Some others cited by Crocamo include:

• Children and Youth was selected for a state initiative aimed at furthering collaboration between the agency and judiciary to enhance meaningful family involvement in child welfare cases.

• Through grant funding, Drug and Alcohol has connected nearly 600 residents with substance use disorder to housing/rental assistance linked to their success remaining substance-free and meeting treatment goals.

• Mental Health and Developmental Services has trained 88 professionals in the law enforcement and corrections field on solutions to assist those with a mental illness and/or addiction.

• The coroner’s office implemented a fee to recoup costs from for-profit institutions requiring services that should not be necessary from the office.

• Archived deed records are now stored in an approved PDF format instead of microfilm.

• The sheriff’s department expanded its in-house training.

• Office of Law attorneys are handling more cases in-house to decrease the cost of outside legal counsel.

• A water infiltration problem in the courthouse sub-basement has been corrected.

• The public defender’s office has hired a bilingual investigator to assist its many Spanish-speaking clients.

The list went on. A complete copy is posted in council’s work session agenda at

Crocamo said collaboration is essential to progress, noting the county controller’s office has provided valuable input and assistance in many areas.

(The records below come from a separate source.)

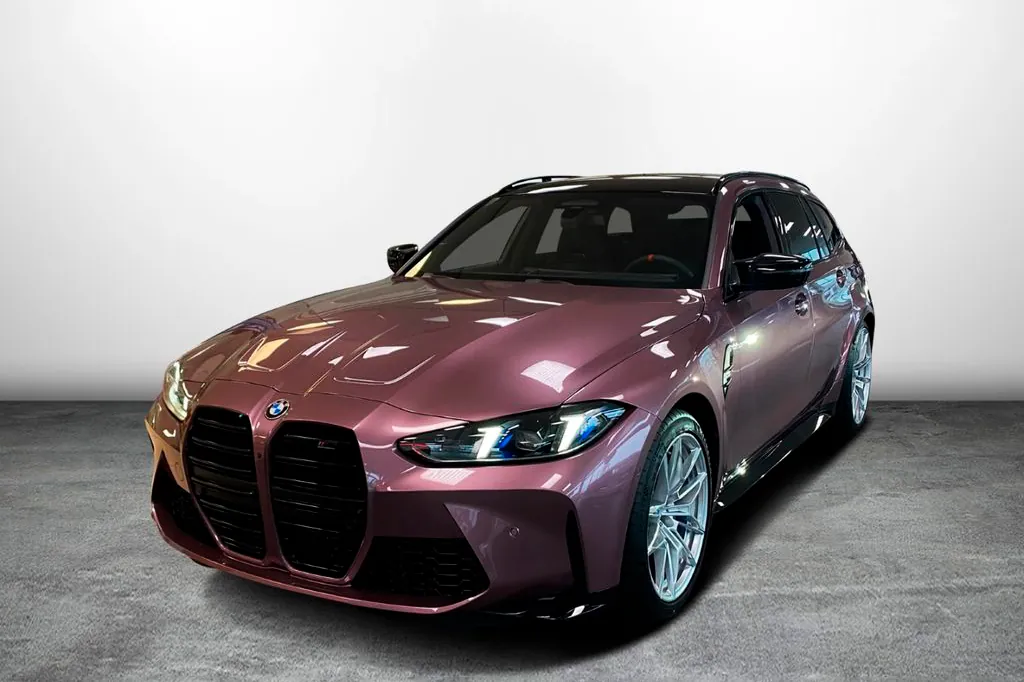 BMW M3 Competition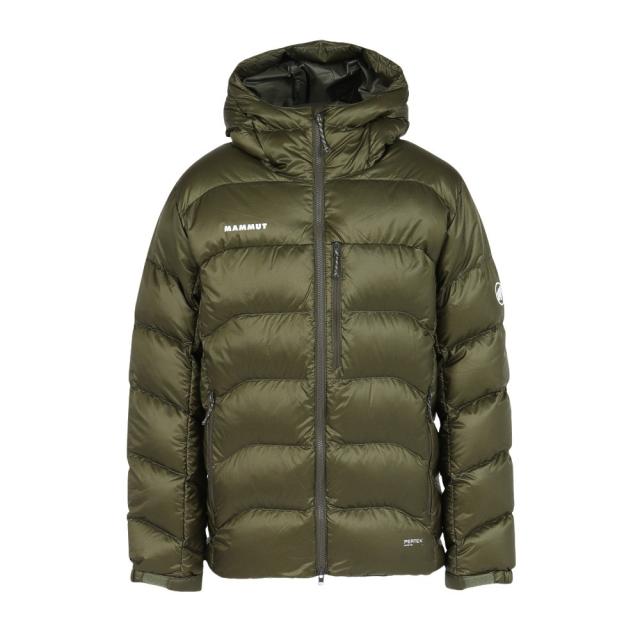 マムート(MAMMUT)グラビティ インサレーション フーデッド ジャケット アジアンフィット 1013-02630-4028…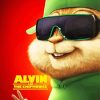 Theodore Alvin and The Chipmunks Poster Diamond Painting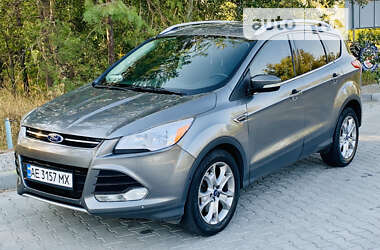 Внедорожник / Кроссовер Ford Escape 2014 в Днепре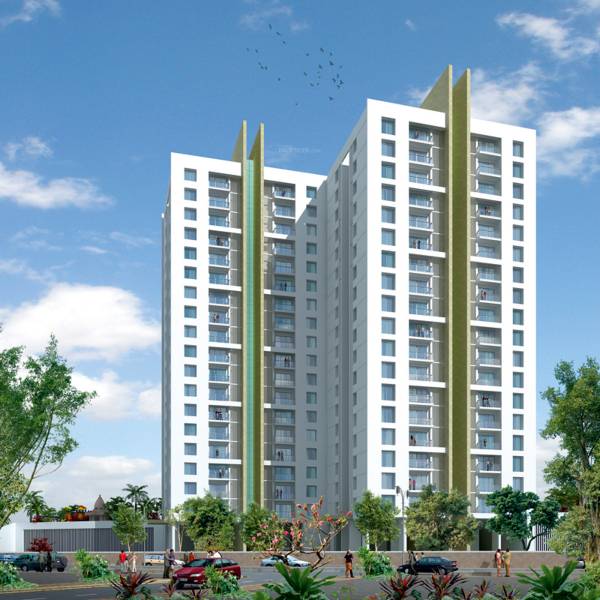 Images for Elevation of Lodha Grandezza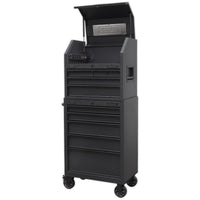 Sealey 9 Drawer Tool Chest Combination with Power Bar AP27BESTACK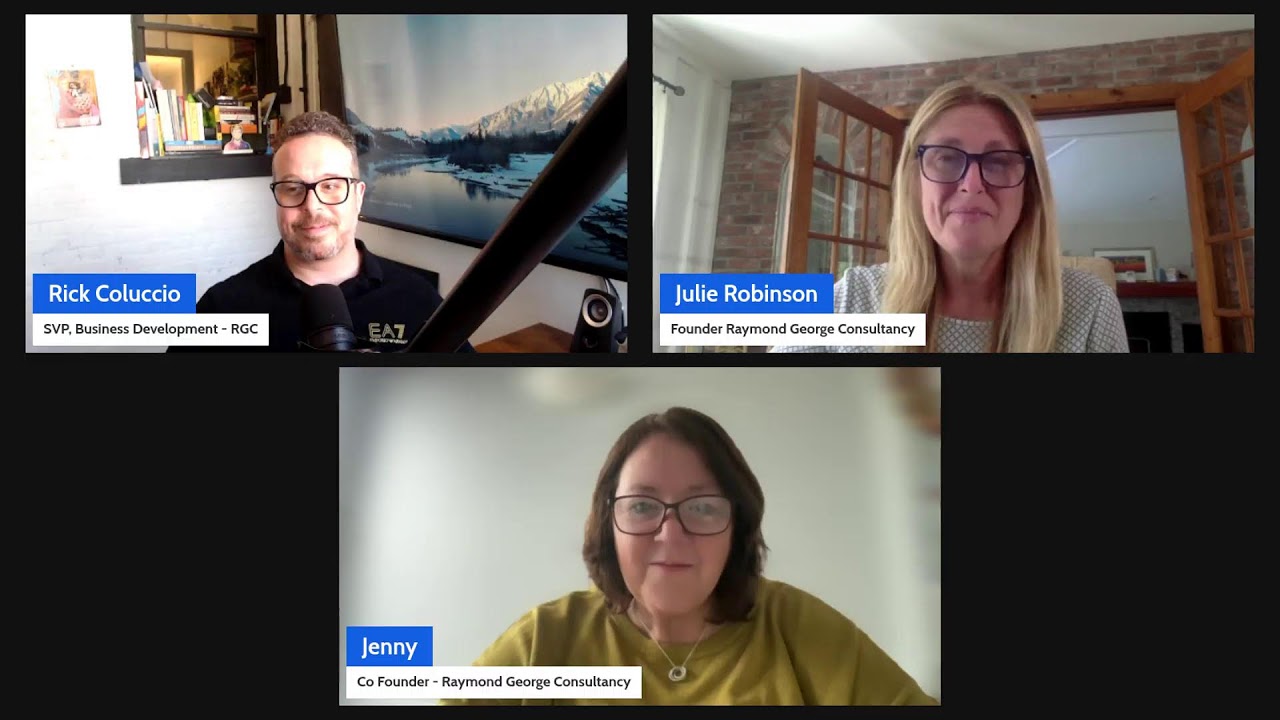 Recruiting EQ E60: Spotlight on Jenny Finch and UK Market Insights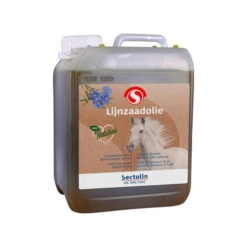 Sectolin Lijnzaadolie (Leinöl) -Cavalo Tiere Geschaft sectolin lijnzaadolie 195659 0500 none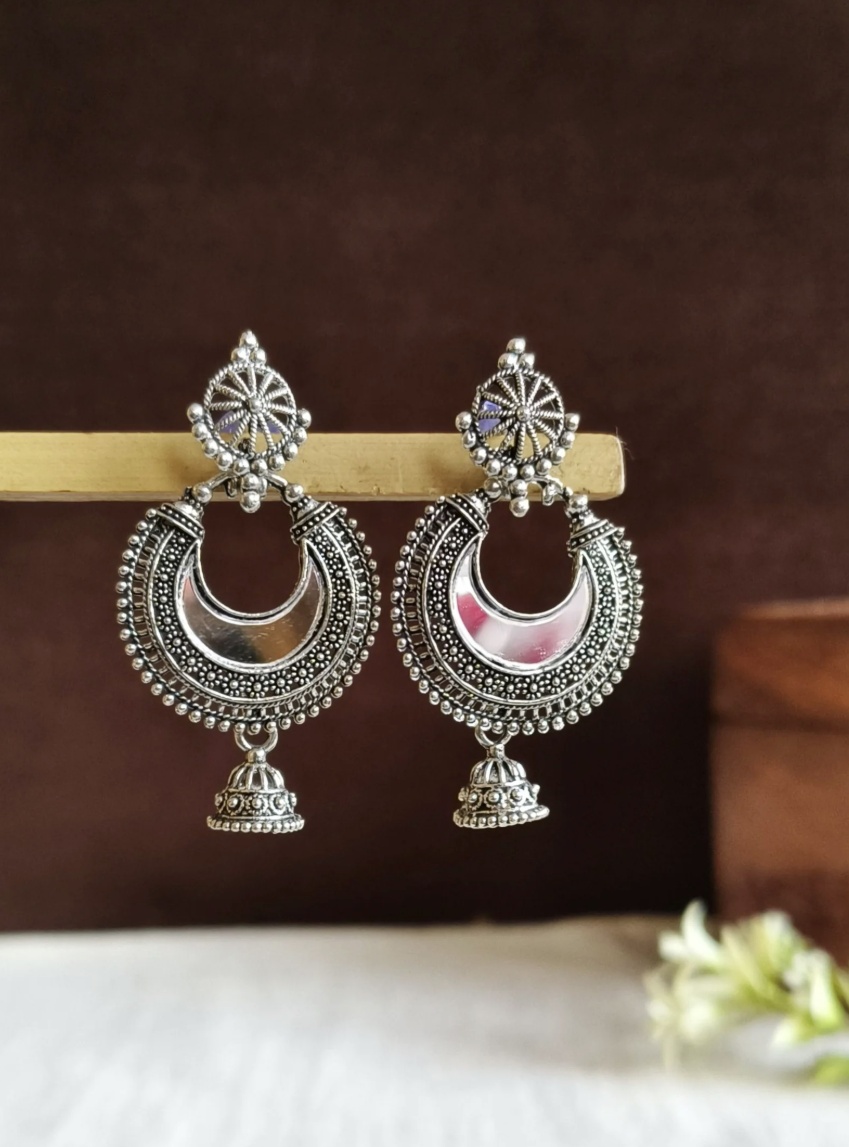 Oxd Bell Drop Earring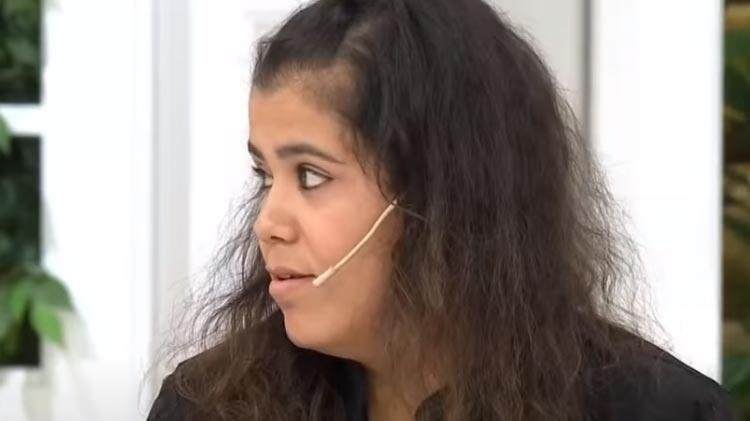 Esra Erol’da canlı yayınında şok olay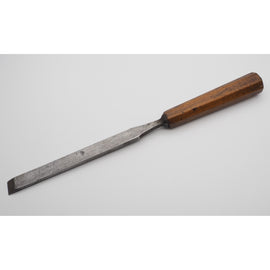Superb Early Long Mortice Paring Chisel by Marsden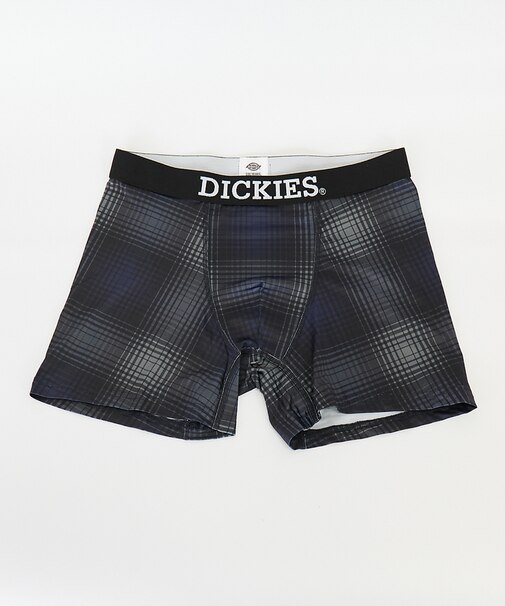 【Dickies/ディッキーズ】Ombre checkボクサーパンツ/アンダーウ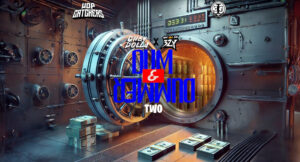 Chey Dolla & AintDat3zy - Dum & Dummer 2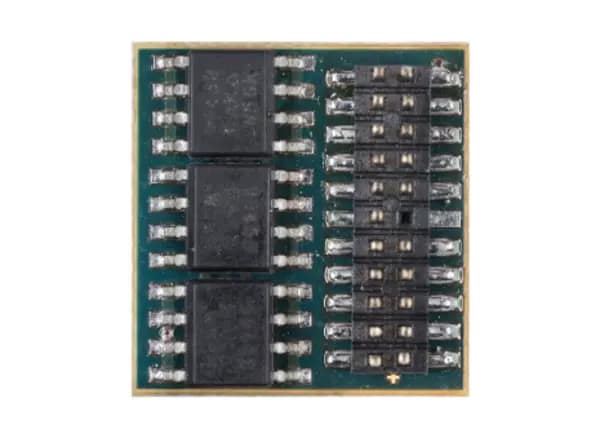 Doehler & Haass FH22A Functiedecoder Plux22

“It’s not me. It’s all of us,” she said.

Mentioning one example not in the report, planning/zoning, mapping/GIS and other departments collaborated to create a county roadway management platform that will contain all past documents associated with the infrastructure and serve as the repository to record and track future updates, she said.

Crocamo closed by describing the work of multiple county departments in a Feb. 15 fire at the B’nai B’rith Senior Apartments on East Northampton Street in Wilkes-Barre that temporarily forced dozens of occupants out of their apartments.

A shelter had been set up for the residents at GAR Middle School in Wilkes-Barre with help from the Northeastern Pennsylvania Chapter of the American Red Cross and the Wilkes-Barre Fire Department.

Crocamo said the county’s Department of Emergency Services responded and contacted the county Area Agency on Aging.

The on-call aging agency worker immediately intervened to ensure emergency needs were met, and the next day nine agency workers visited the shelter to complete assessments and link residents to community resources.

These assessments showed a need for mental health support, so the county’s Mental Health/Developmental Services department arranged for those services through area providers. This department also set up daily update calls with all agencies involved.

“That my friends is your county employees, and they should be applauded,” Crocamo said. “They didn’t get any accolades. They didn’t get any articles in the newspaper, but they were there when the citizens of Luzerne County needed them.”